Description of the task
Should any entry hold a picture, omit that picture and copy the rest of the entry exactly.

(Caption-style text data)

------

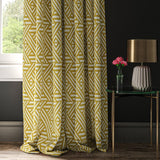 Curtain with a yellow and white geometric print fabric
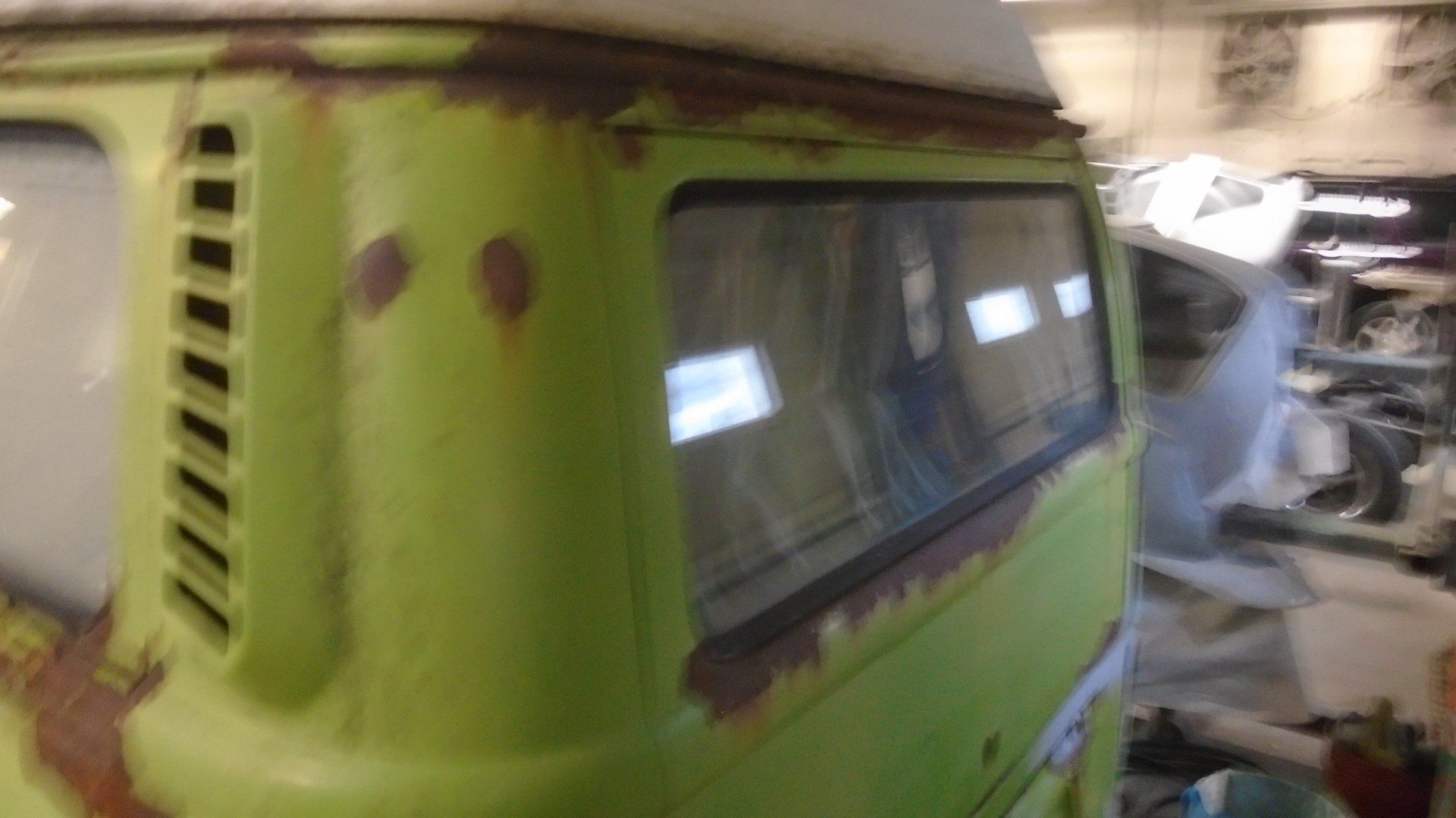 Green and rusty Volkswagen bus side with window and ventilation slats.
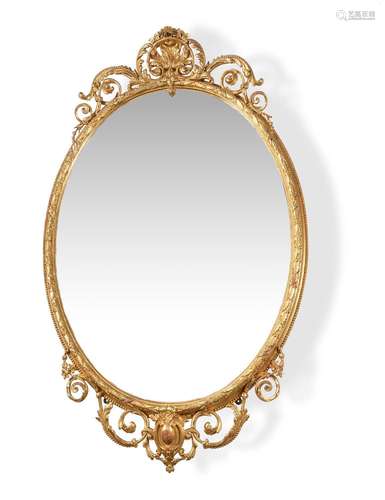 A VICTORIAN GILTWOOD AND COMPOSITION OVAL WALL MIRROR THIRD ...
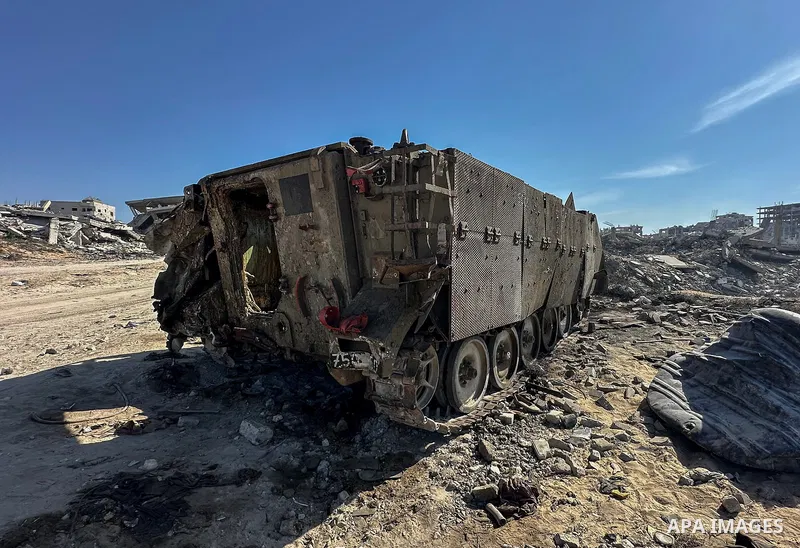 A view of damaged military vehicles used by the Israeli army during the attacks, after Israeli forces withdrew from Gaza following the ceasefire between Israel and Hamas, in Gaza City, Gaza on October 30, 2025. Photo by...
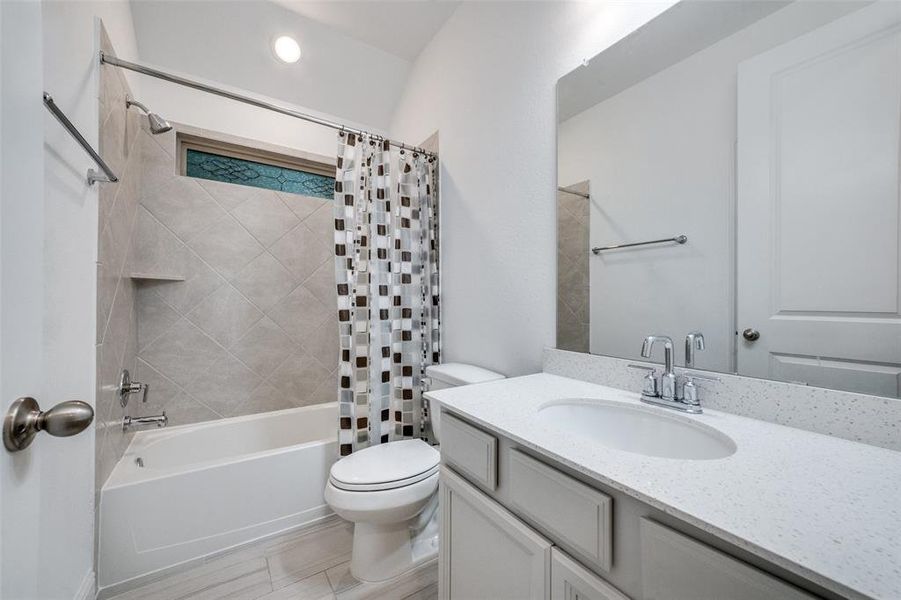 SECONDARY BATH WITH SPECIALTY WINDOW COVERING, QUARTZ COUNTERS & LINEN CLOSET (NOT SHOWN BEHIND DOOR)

------

Exercise solution
 Curtain with a yellow and white geometric print fabric
 Green and rusty Volkswagen bus side with window and ventilation slats.
 A VICTORIAN GILTWOOD AND COMPOSITION OVAL WALL MIRROR THIRD ...
 A view of damaged military vehicles used by the Israeli army during the attacks, after Israeli forces withdrew from Gaza following the ceasefire between Israel and Hamas, in Gaza City, Gaza on October 30, 2025. Photo by...
 SECONDARY BATH WITH SPECIALTY WINDOW COVERING, QUARTZ COUNTERS & LINEN CLOSET (NOT SHOWN BEHIND DOOR)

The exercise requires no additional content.